O Código Penal de Cuba tem uma particularidade que permite à ditadura encarcerar quem incomoda com base legal, os "Estados Peligrosos", elencados entre os artigos 72 e 84. Não é preciso ter feito nada para se enquadrar nesses delitos, que rendem de 1 a 4 anos de prisão. Tomemos por exemplo o art. 73.2, "Conduta Antisocial", que significa um "comportamento contrário à moral socialista" que coloca o indivíduo em estado de perigo e de cometer um delito. O que as democracias vêem como uma ficção perigosa em Minority Report é realidade na lei cubana, a possibilidade de prender por "perigo social pré-delitivo", ou seja, risco de delinquir. Estima-se que 11 mil pessoas estejam cumprindo pena em Cuba sem ter cometido nenhum delito.
No relatório dos presos por conduta antisocial, há 8,4 mil pessoas privadas de liberdade por "perigo social pré-delitivo". A cada ano, a estimativa é de novos 3814 condenados pelas mesmas razões, sendo que 2929 perdem a liberdade e 885 recebem penas alternativas como trabalho comunitário ou permanecer sob vigilância policial. Os presos por esses motivos não podem entrar naquela lista de soltura por desencarceramento antecipado, já que o Código Penal Cubano proíbe que a defesa faça esse pedido judicial. Se, nos crimes comuns, trata-se de procedimento corriqueiro, nesses casos depende de determinação prévia do Ministério do Interior.

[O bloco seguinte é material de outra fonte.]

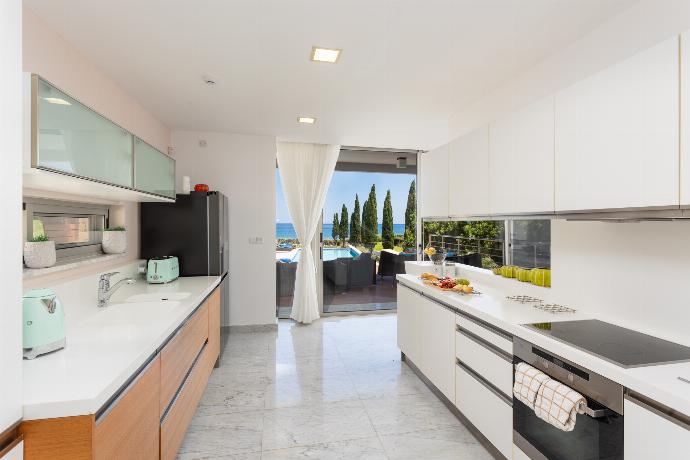 Equipped kitchen . - Annabel Beach Palace . (Fotogalerie) }}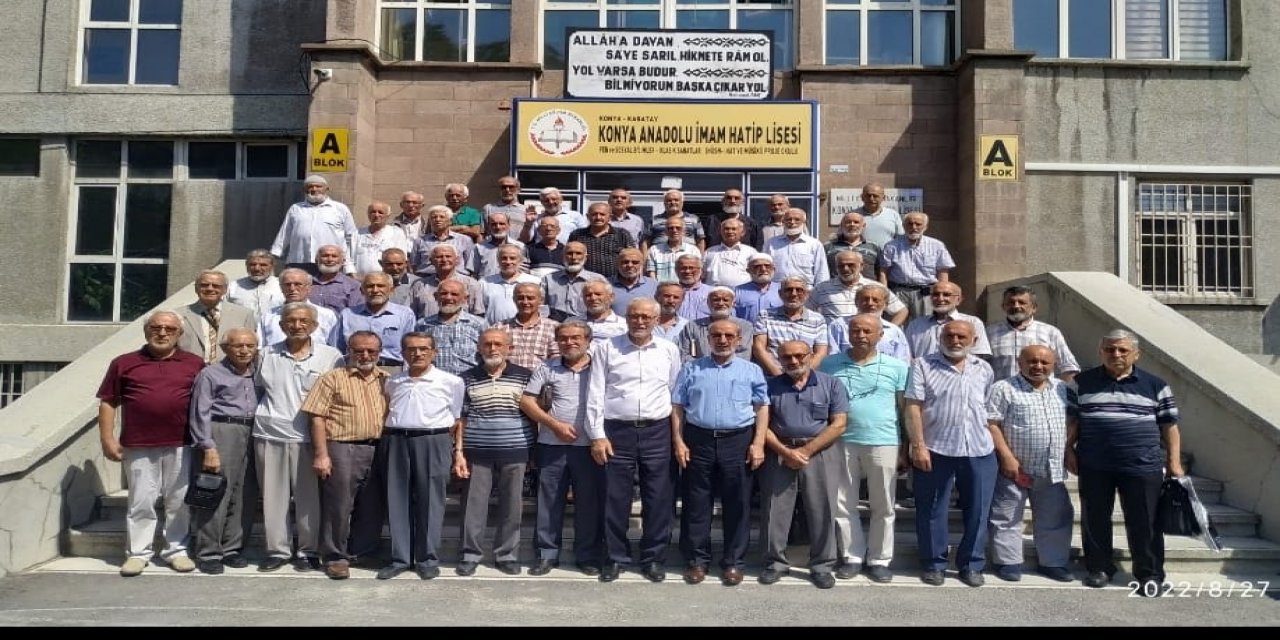 Konya’da 70 yaş üstü mezunların nostaljik buluşması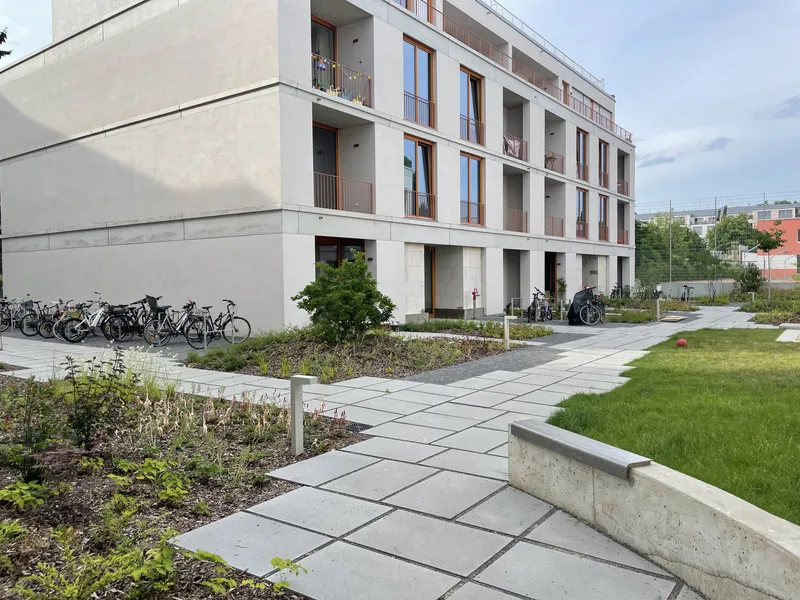 Erstbezug in Neubau: Helle 2-Zimmer-Wohnung mit Fischgrätparkett in ruhiger Hinterhauslage — photo 1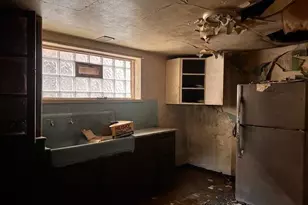 1686 W 10th Pl, Gary, IN 46404 - Photo 11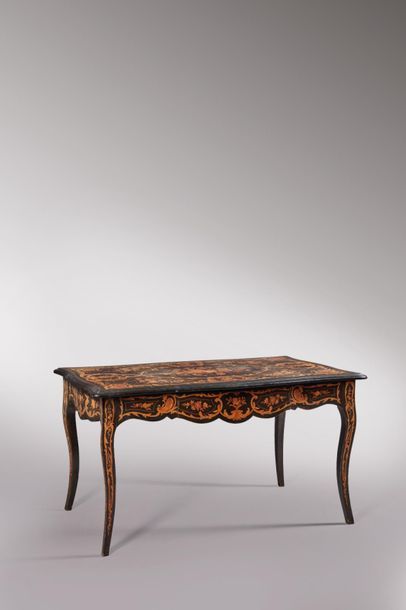 Bureau plat en marqueterie de fleurs sur...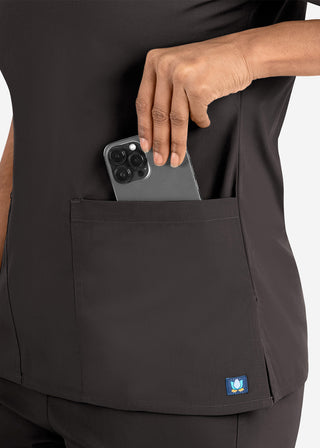 Maevn Core Women's Classic V-Neck Top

A Prisoners Defense reuniu mais de 100 sentenças condenatórias semelhantes a essa, por "Índice de Perigo". O texto é rigorosamente o mesmo em todas e as prisões variam de 1 a 4 anos, sob uma acusação completamente vaga: "Provado que o acusado não tem vínculo laboral, altera a ordem pública e é propenso ao delito associando-se com pessoas similares. Não pertence a nenhuma organização de massas, pratica o assédio ao turismo, etc. , razão pela qual este tribunal aplica a pena de prisão".